A first-principles investigation on the effects of magnetism on the Bain transformation of \(\alpha\)-phase FeNi systems

• Published in: arXiv.org
• Main Authors: Rahman, Gul, In Gee Kim, H K D H Bhadeshia
• Format: Paper
• Language: English
• Published: Ithaca Cornell University Library, arXiv.org 21.02.2012
• Subjects: Anisotropy; Bainitic transformations; Bulk modulus; Ferromagnetism; First principles; Iron; Lattice parameters; Magnetism; Martensitic transformations; Modulus of elasticity; Nickel; Plane waves; Shear modulus
• ISSN: 2331-8422
• DOI: 10.48550/arxiv.1202.4726

The effects of magnetism on the Bain transformation of \(\alpha\)-phase FeNi systems are investigated by using the full potential linearized augmented plane wave (FLAPW) method based on the generalized gradient approximation (GGA).

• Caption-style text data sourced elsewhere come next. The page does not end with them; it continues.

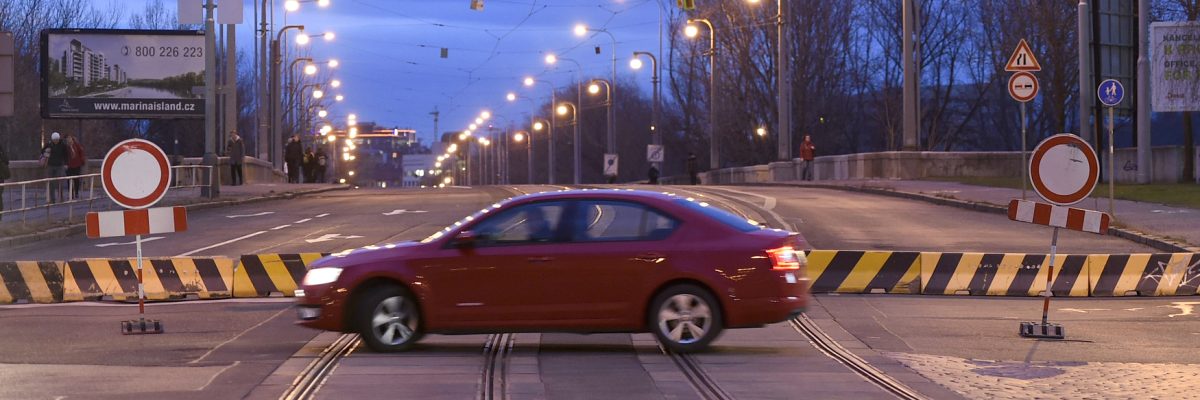 Pražský Libeňský most je od pátku do odvolání uzavřen pro automobily i tramvaje. Část je v havarijním stavu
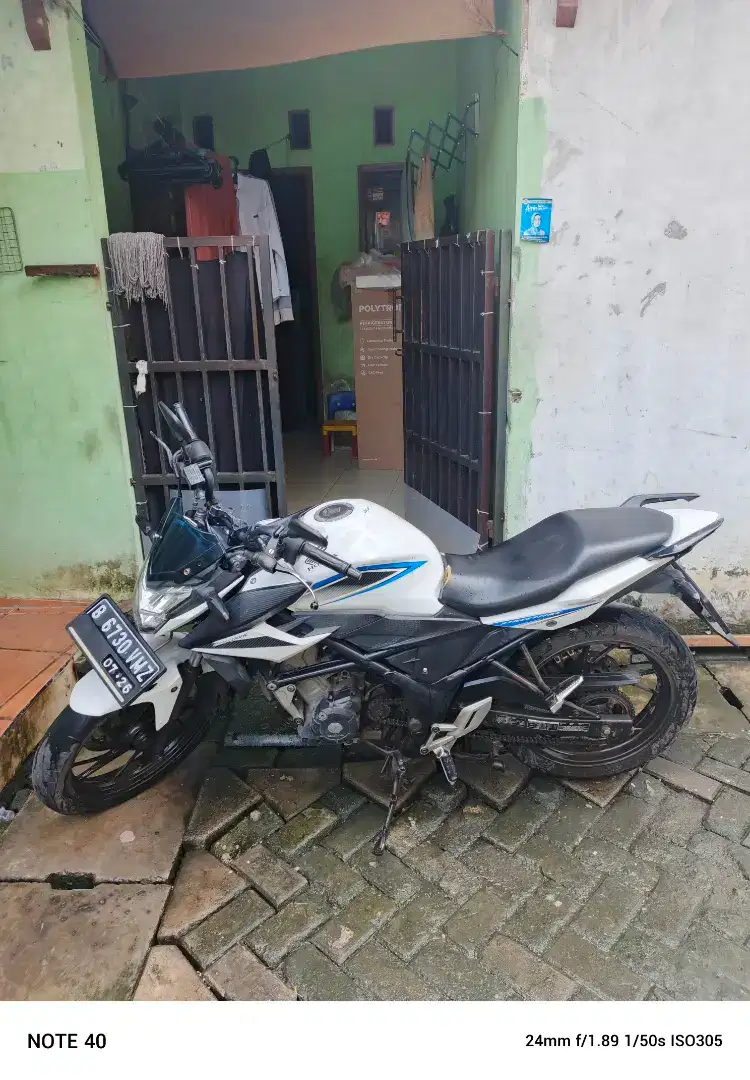 DIJUAL CEPAT MOTOR CB150R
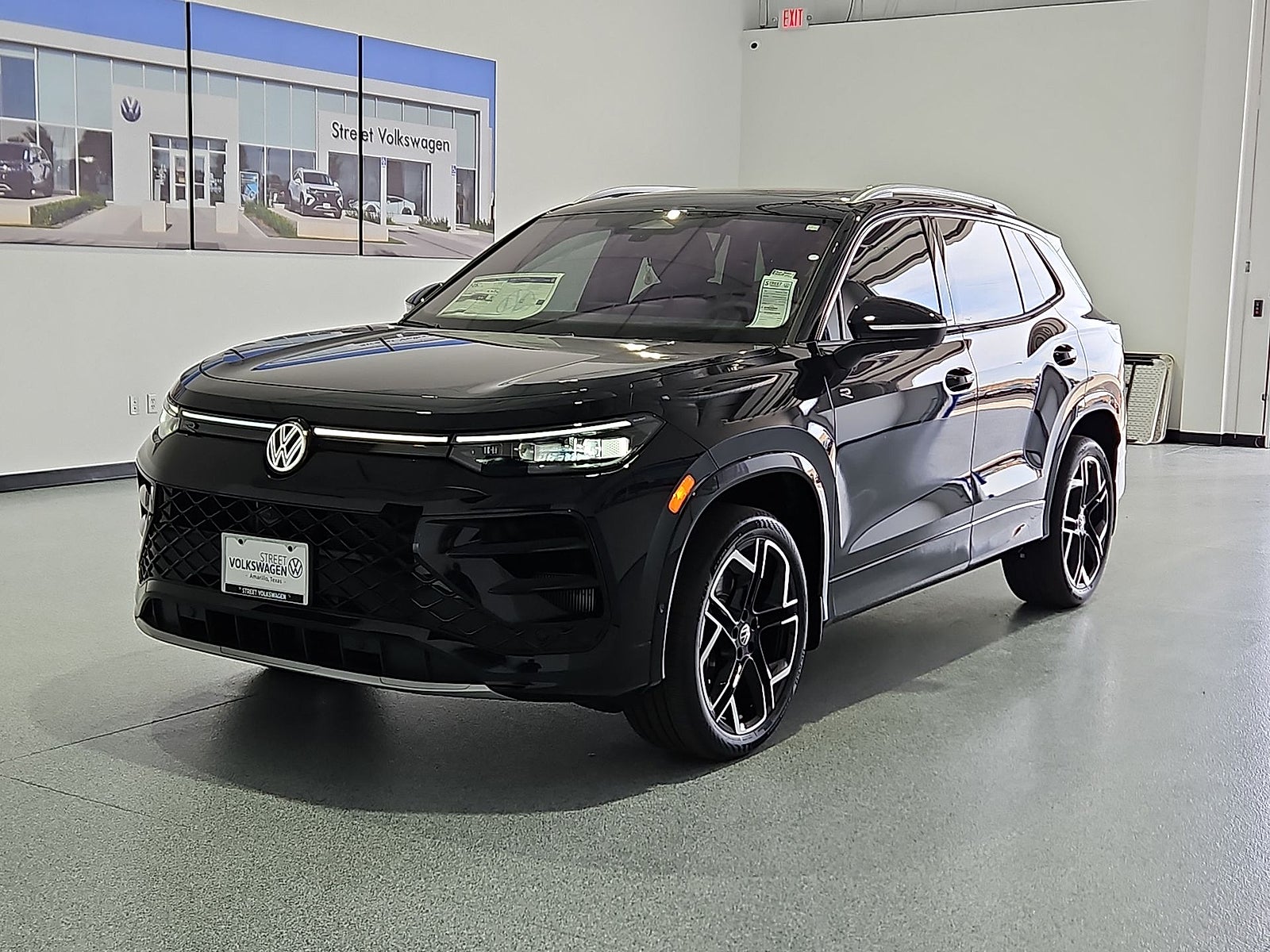 2026 Volkswagen Tiguan SEL R-Line Turbo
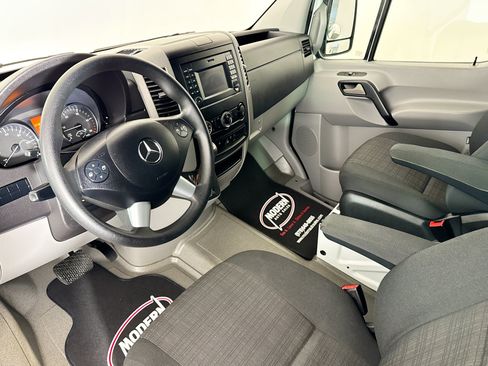 Used 2018 Mercedes-Benz Sprinter 2500 image 15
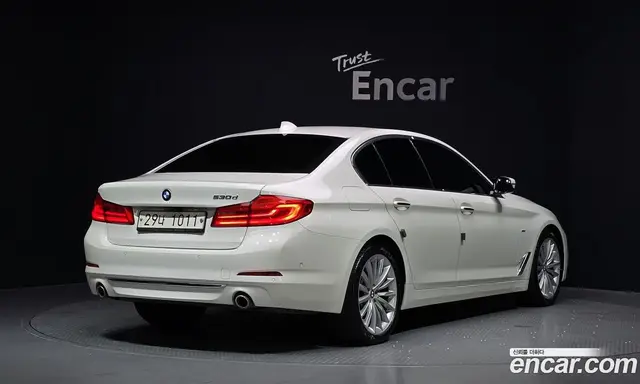 BMW 5 серия 2018 3.0 автомат (гидро), миниатюра 2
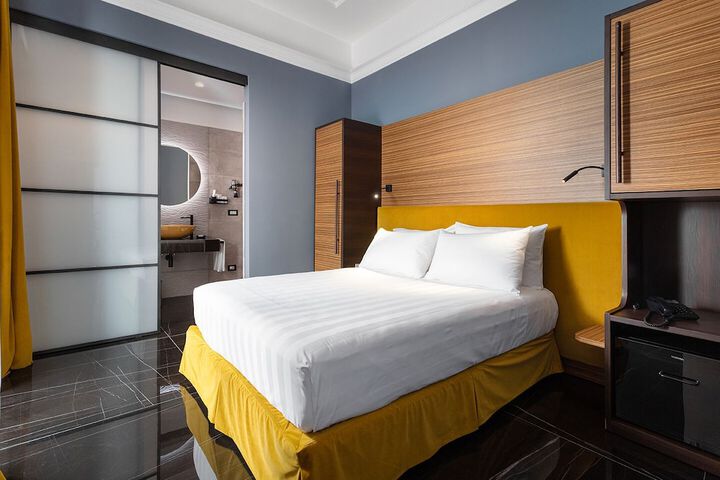 Room 2 of 13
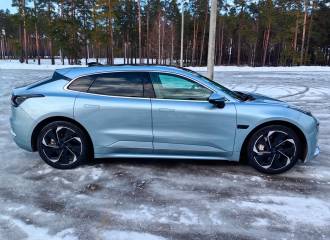 Образец цвета G55 LIGHTNING BLUE на автомобиле - №3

We found that Ni impurity in bcc Fe increases the lattice constant in ferromagnetic (FM) states, but not in the nonmagnetic (NM) states. The shear modulus \(G\) and Young's modulus \(E\) of bcc Fe are also increased by raising the concentration of nickel. All the compositions considered show high shear anisotropy and the ratio of the bulk to shear modulus is greater than 1.75 implying ductility. The mean sound velocities in the \([100]\) directions are greater than in the \([110]\) directions. The Bain transformation, which is a component of martensitic transformation, has also been studied to reveal that Ni\(_{x}\)Fe\(_{1-x}\) alloys are elastically unstable in the NM states, but not so in the FM states. The electronic structures explain these results in terms of the density of states at the Fermi level. It is evident that magnetism cannot be neglected when dealing with the Bain transformation in iron and its alloys.